TASK DETAILS -> Produce exactly the lines from the one holding "Hello everybody. I" through the last line of the data below, with every picture left out.

PROVIDED DATA ->
== Segment start ==
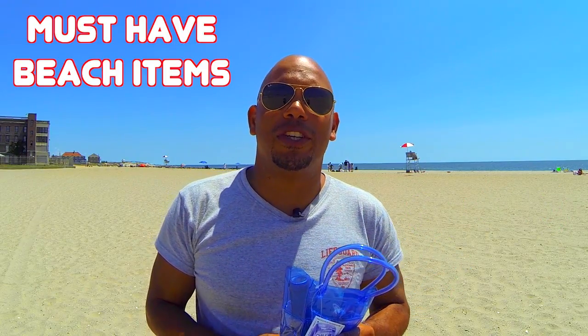Hi, this is Jay Andrews from Reviews Across the Board helping you find the usefulness, practicality and value in the tech that surrounds us. Welcome back to our vlog series, must have beach items.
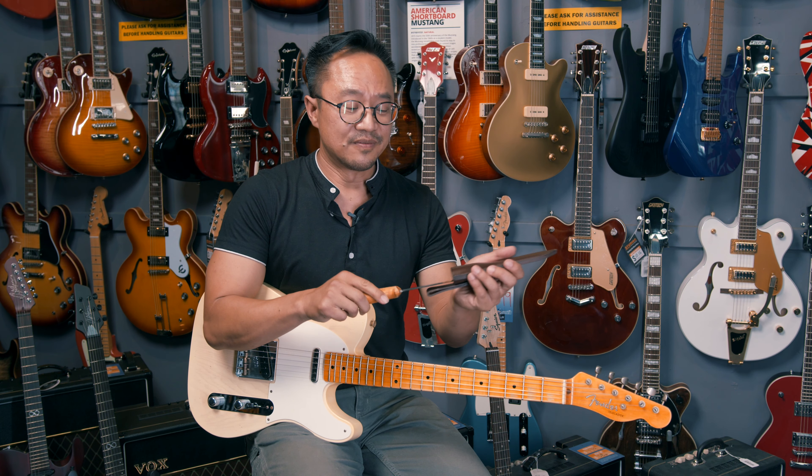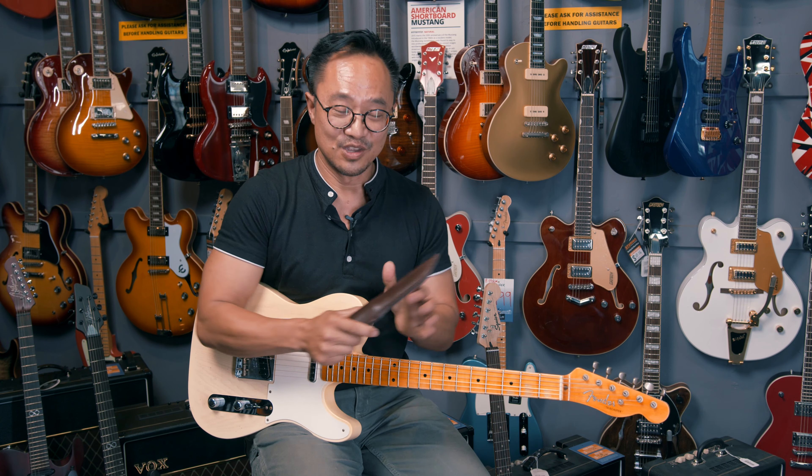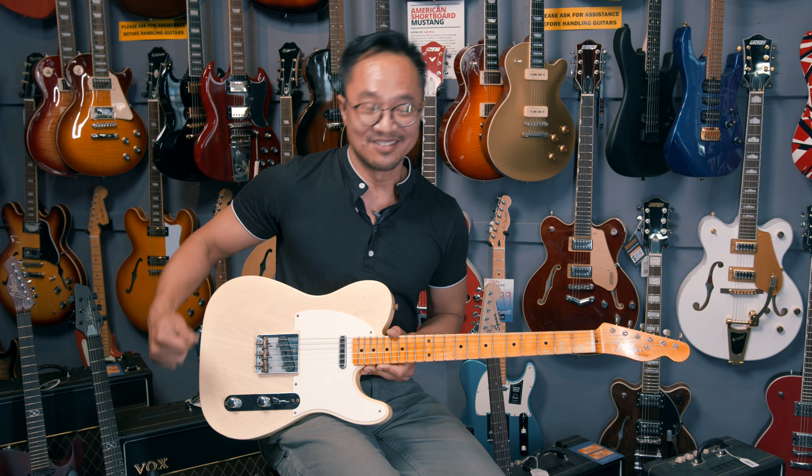Now if that note is sharp, then you need to back the saddle away. The way I remember that is: if it's sharp, you really want to back away. Now if it's flat, you want to bring it forward. Just remember: sharp, back away; flat, come forward. Thanks, and I hope that helps.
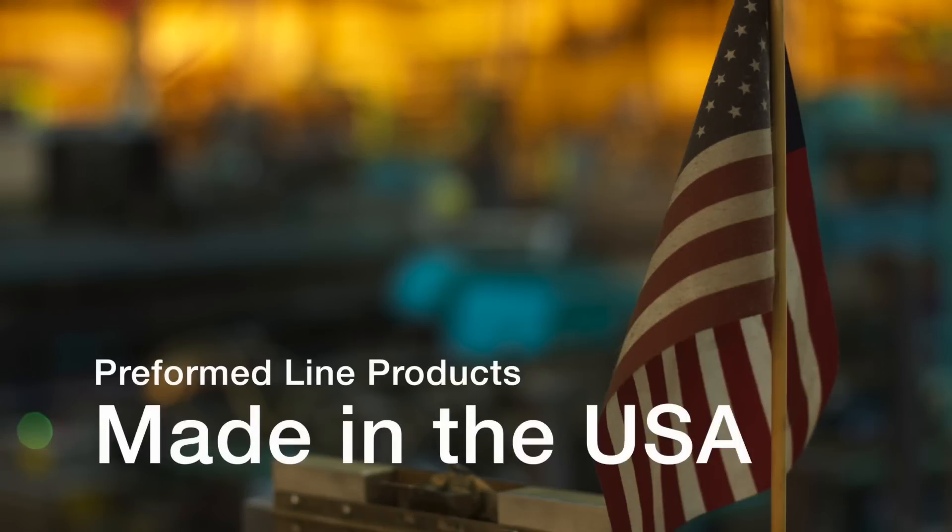This featured preformed product is manufactured in the United States and is backed by the experience and field support that PLP has been noted for since 1947.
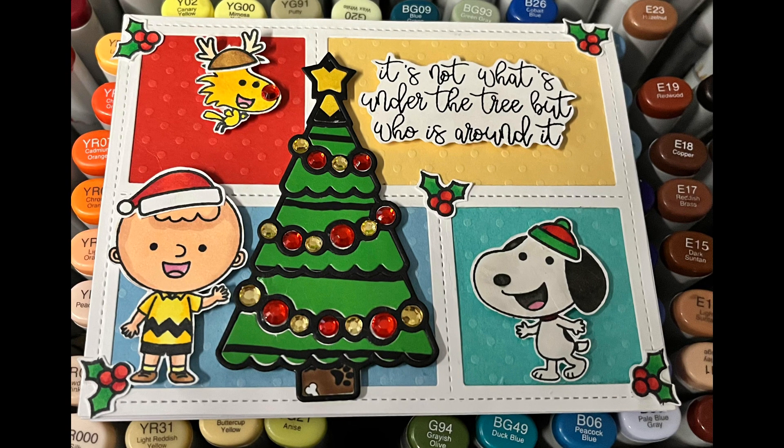Hello everybody. I am the Craftacular Creator and today I am sharing a process video for a comic strip style card. You may recognise the characters I have used. As part of this process I will be paper piecing, carpet colouring, embellishing and assembling a comic strip.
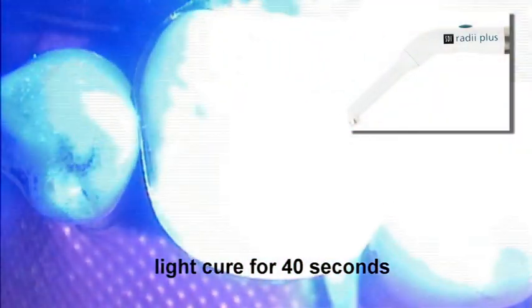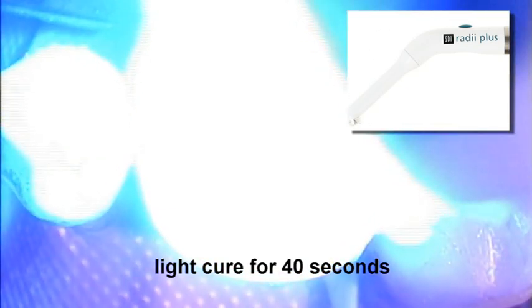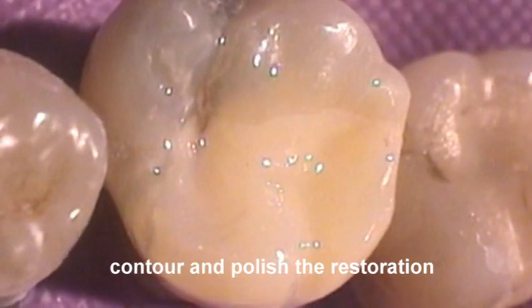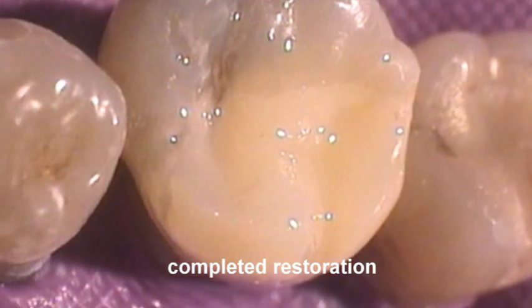Light cure the restoration for 40 seconds to enable the exothermic setting reaction of the composite resin to help set the Reva SC. Contour and polish the restoration with suitable rotary instruments. Completed restoration prior to occlusal adjustment.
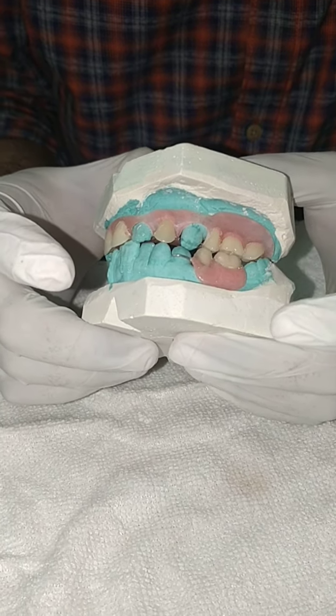This is the flexible partial I have made for them. You can check the flexibility, and this is how it is attached with the gums — you can see the seating.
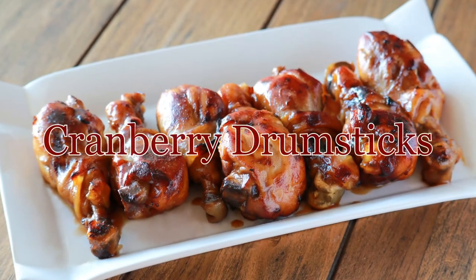Hey guys, welcome back to my channel. This is Sharani. Today I'm going to show you how I make these delicious cranberry drumsticks.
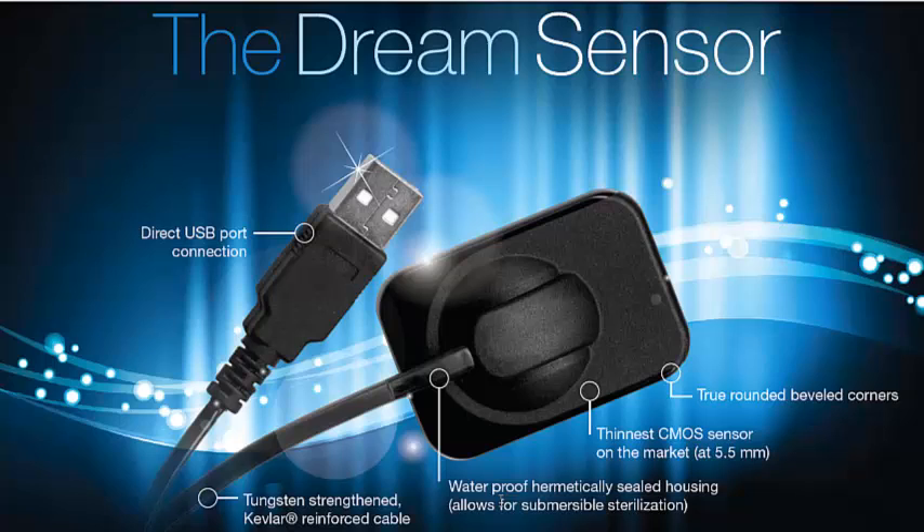The sensor is waterproof. A lot of sensors aren't — ours is. It has a medically sealed housing on the sensor, so it's completely submersible.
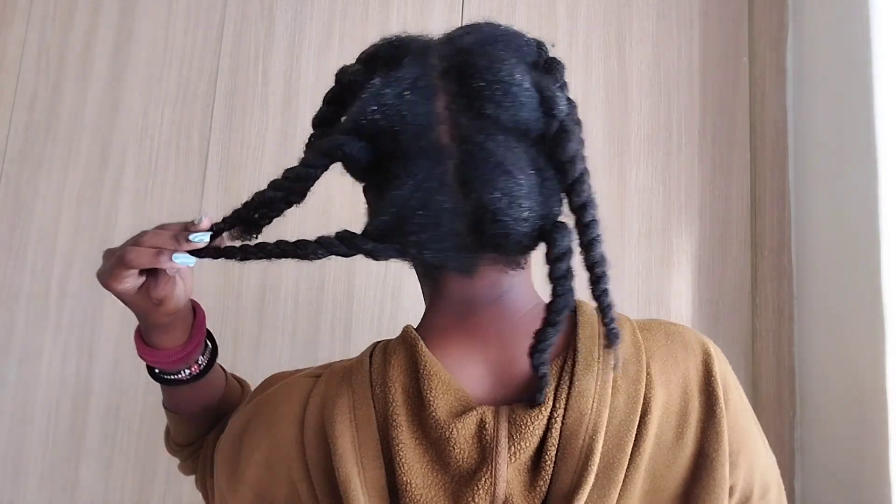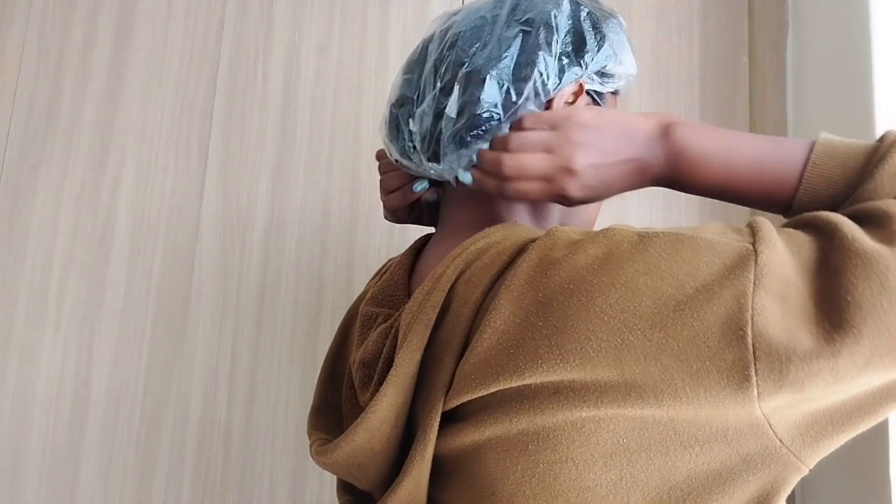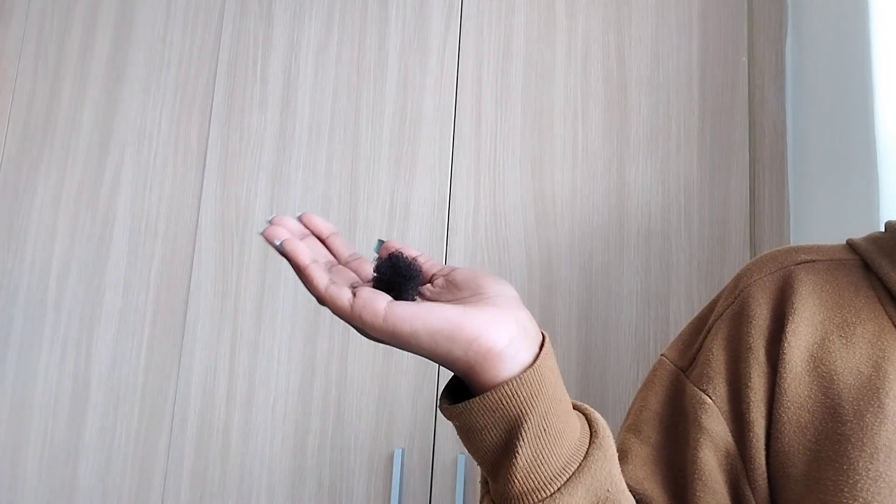I just finished my pre-poo — the kids are playing outside so if you hear some screams, no one's dying, they're just excited. I did six sections in total. I'm going to wear a shower cape just to trap the moisture for about 15 minutes as I get ready to jump in the shower for my shampoo and condition. The amount of hair I lost isn't too much — shedding is normal. I'm feeling so much better now, ready for a shower.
== Segment end ==
ANSWER FOR THIS EXERCISE ->
Hello everybody. I am the Craftacular Creator and today I am sharing a process video for a comic strip style card. You may recognise the characters I have used. As part of this process I will be paper piecing, carpet colouring, embellishing and assembling a comic strip.
Light cure the restoration for 40 seconds to enable the exothermic setting reaction of the composite resin to help set the Reva SC. Contour and polish the restoration with suitable rotary instruments. Completed restoration prior to occlusal adjustment.
This is the flexible partial I have made for them. You can check the flexibility, and this is how it is attached with the gums — you can see the seating.
Hey guys, welcome back to my channel. This is Sharani. Today I'm going to show you how I make these delicious cranberry drumsticks.
The sensor is waterproof. A lot of sensors aren't — ours is. It has a medically sealed housing on the sensor, so it's completely submersible.
I just finished my pre-poo — the kids are playing outside so if you hear some screams, no one's dying, they're just excited. I did six sections in total. I'm going to wear a shower cape just to trap the moisture for about 15 minutes as I get ready to jump in the shower for my shampoo and condition. The amount of hair I lost isn't too much — shedding is normal. I'm feeling so much better now, ready for a shower.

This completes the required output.